The BBC may have a mixed reputation among jump racing fans but they deserve credit for the excellent 5 Live production " A Different Breed The Life of a Jump Jockey". Here is how they bill the show :

Mark Pougatch takes a look inside the fascinating wold of the jump jockey. Hear from 17 time champion jockey AP McCoy as we follow him on a typical day in his life. Jockeys both young and old speak candidly about victory, money, sacrifice and dieting. We also hear stories from two people who nearly lost their lives partcipating in the sport they love.

If you missed it you can download the podcast from this link to the BBC site.

Speaking during the program the champion jockey AP McCoy was asked "how long can he go on for ? "  He responded:

 "I get asked that question  quite a lot. I get asked it a lot more since I won the Grand National. When I won the National it came up in conversation quite a bit.I'm very aware that time is the enemy of every sportsperson and I have been very lucky that I have been champion jockey since the first year I was riding.

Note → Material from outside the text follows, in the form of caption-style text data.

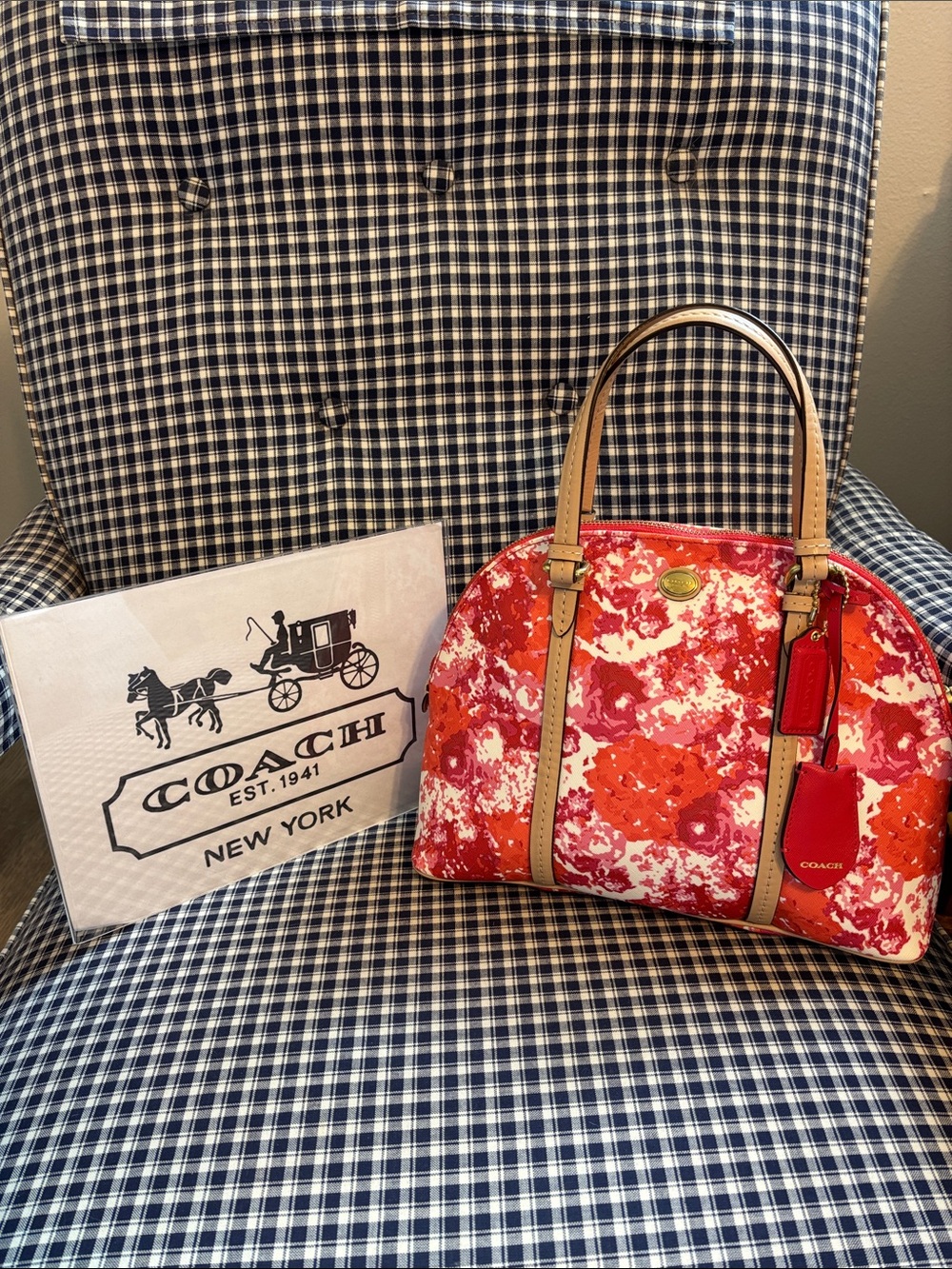 Coach Peyton floral Cora Red and White Dome Satchel with Tan Trim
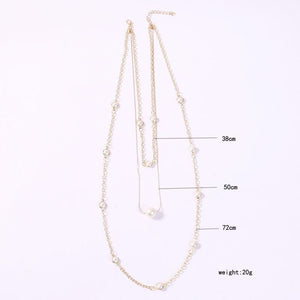 Multilayer Strand Simulated Pearl Necklace and Earrings Set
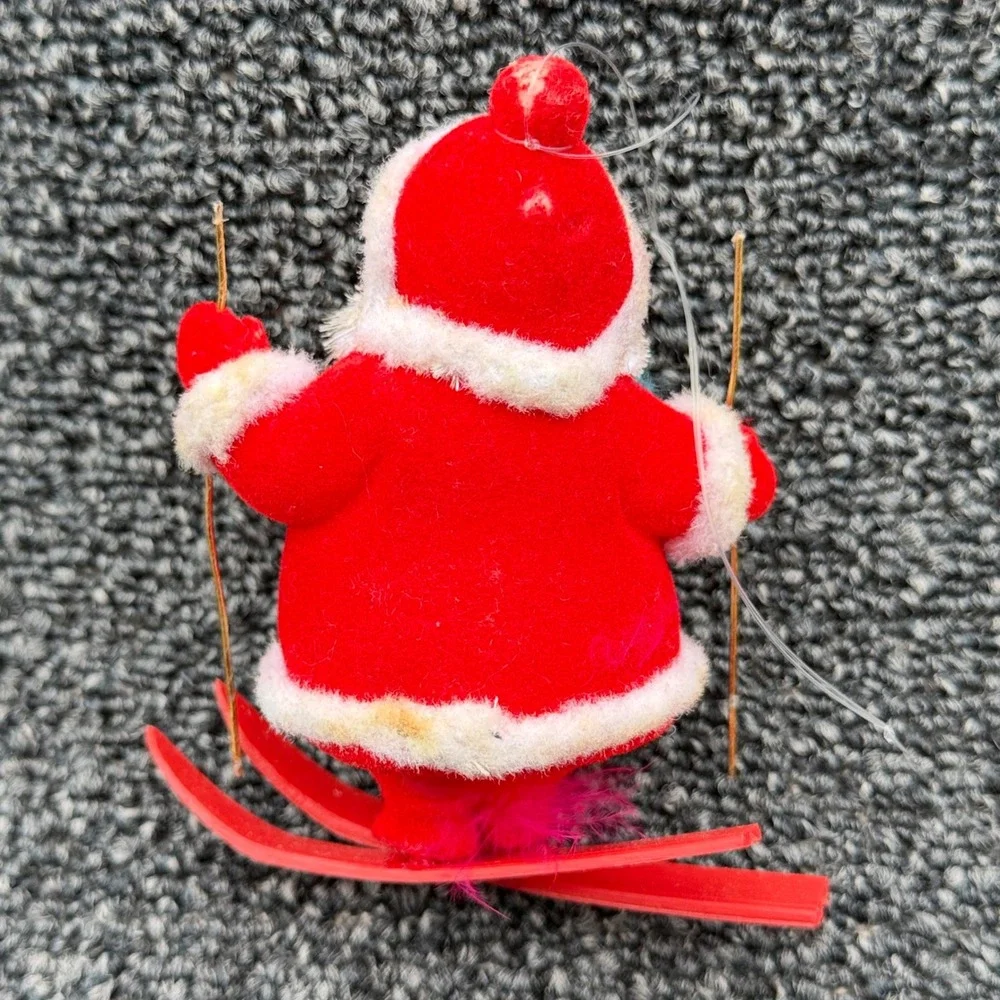 Vintage Flocked Christmas Ornaments Set Santa Skier Reindeer Mouse‎ Mid Century
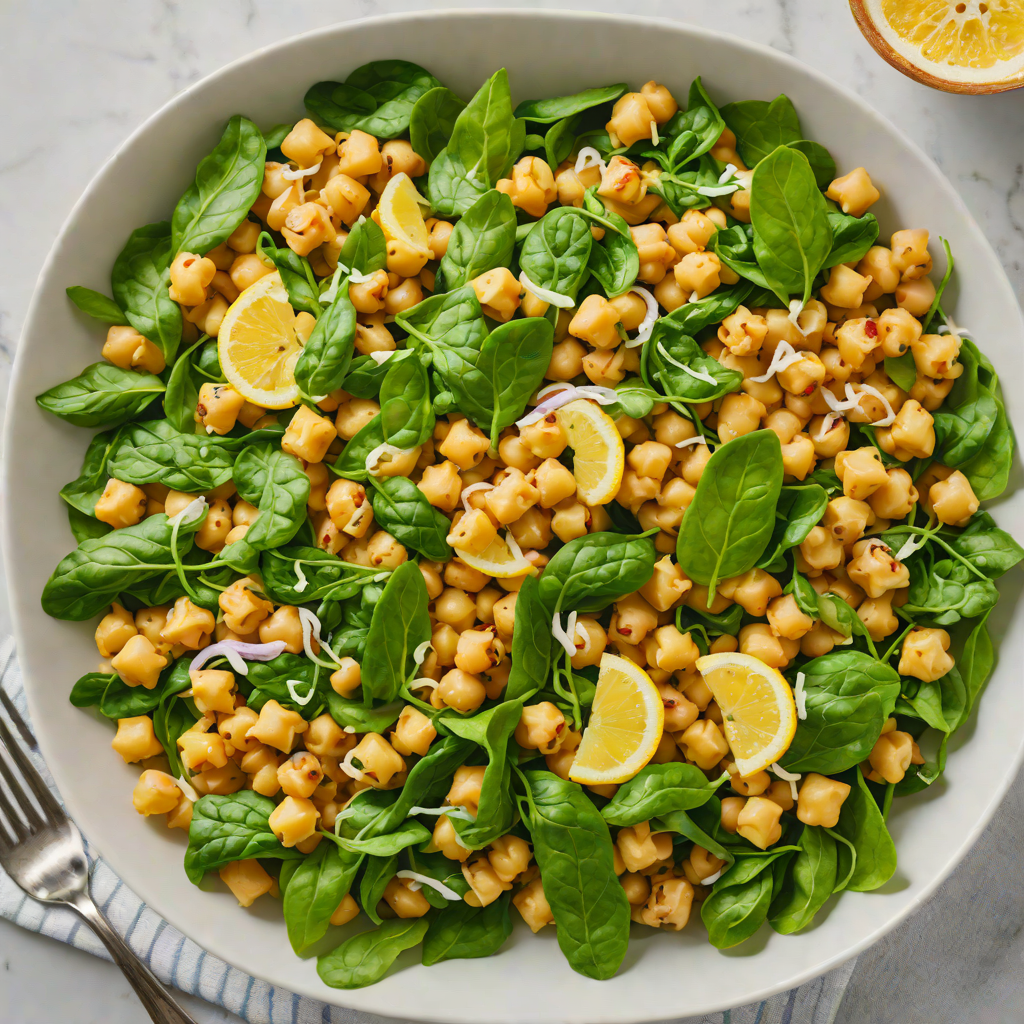 Lemon-Infused Chickpea and Spinach Salad with Tahini Dressing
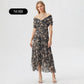 🎁  Vente chaude 49% de réduction 🔥 Robe imprimée à col V hors épaule pour femmes
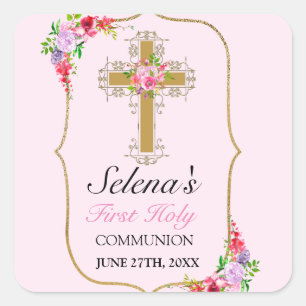 Sticker Carré Jolie Filles Florales Roses 1ère Sainte Communion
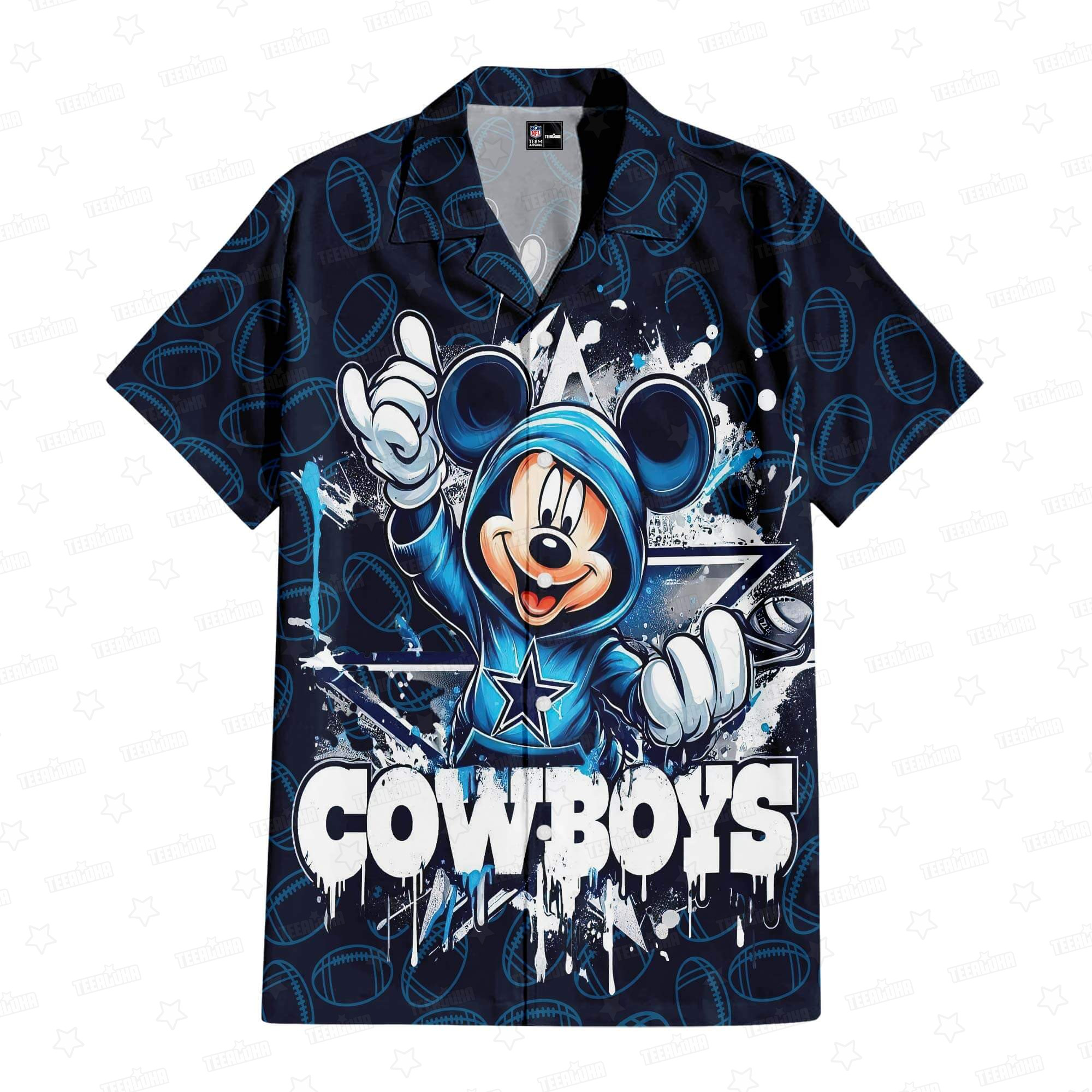 dallas cowboys mickeys gridiron adventure hawaiian shirt 5k9my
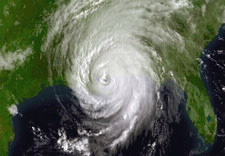 Satellite image of Hurricane Katrina. Click for larger image.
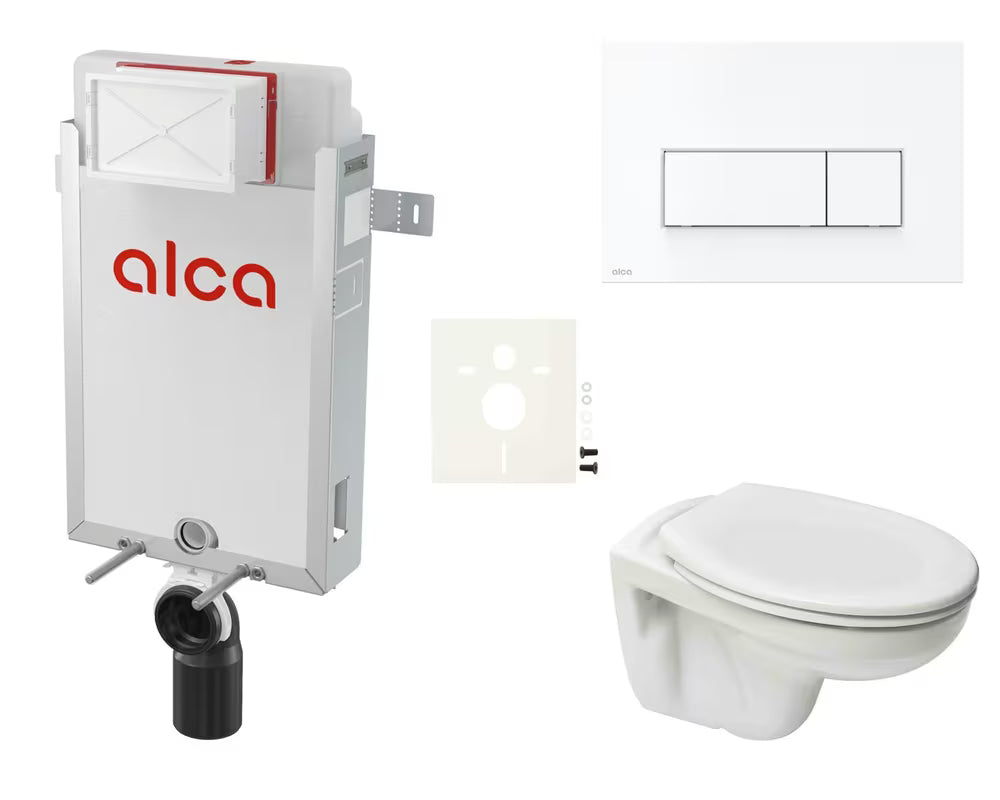 Viseći WC set S-Line Pro s modulom za ugradnju u zid, integriranim vodokotlićem i bijelom tipkom za ispiranje.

I was champion conditional the first year and have been champion jockey every year since.As I said, I do like to set myself targets and goals, and at the moment that (4,000) is the goal. Who knows what happens after that but I am fully aware that I don't want to carry on too long and have people thinking I'm not as good as I was or I shouldn't be riding any more or past my best. I haven't got that far yet (in thinking about his post-racing career). Obviously I'd like to stay in racing as it's been good to me, it's a great way of life, a great sport and there's great people in racing. But what, whether it be a trainer, I'm not sure.

I've been riding for the best part of 20 years and if you want to be successful you have to give it 100% commitment - it has to be an obsession. That's the way sport is - you have to be obsessed with it. Whether I can put myself through that, of wanting to be obsessed with something as much as I have been riding, I don't know whether that would be fair to put anyone through the obsession of wanting to do that.

Then you have to have the ambition, I always said I thought I'd be more interested in training Flat horses but then you have to take on Aidan O'Brien, John Gosden, Richard Hannon, whoever it may be and if you don't want to take them on you shouldn't be doing it.Whether it would be for me or not, I don't know, it's not something I've really thought about. Whether I would be ready to jump out of the fire, I'm not sure I'd be able to do that.I've always thought if I'm thinking about doing things other than riding then maybe I shouldn't be riding.At the same time I'm aware that mentally I'll have to do something. I can't not work, I can't just sit in the house all day and look at what's gone on in the past.I'll have to get something that would hopefully motivate me and I'll find interesting but there's never going to be anything to replace the adrenalin of the life you have as a jockey. But if I can get something to keep me sane, I'll be fairly happy. It's the day I'm looking forward to least. I am dreading the day I won't be able to ride any more. I hope that I can retire at the top of my profession and in one piece, injury free, but I'd be lying if I said I didn't dread it. It's a great way of life, it's something that I love doing but I'm aware I can't keep doing it forever. It's a horrible thought."

The Irish TV Channel TG4 prepared a documentary with as similar theme entitled " Jump Boys" which followed Ruby Walsh, Barry Geraghty and Davy Russell for a season. You can watch the video of that here. Both shows deserve a wider audience.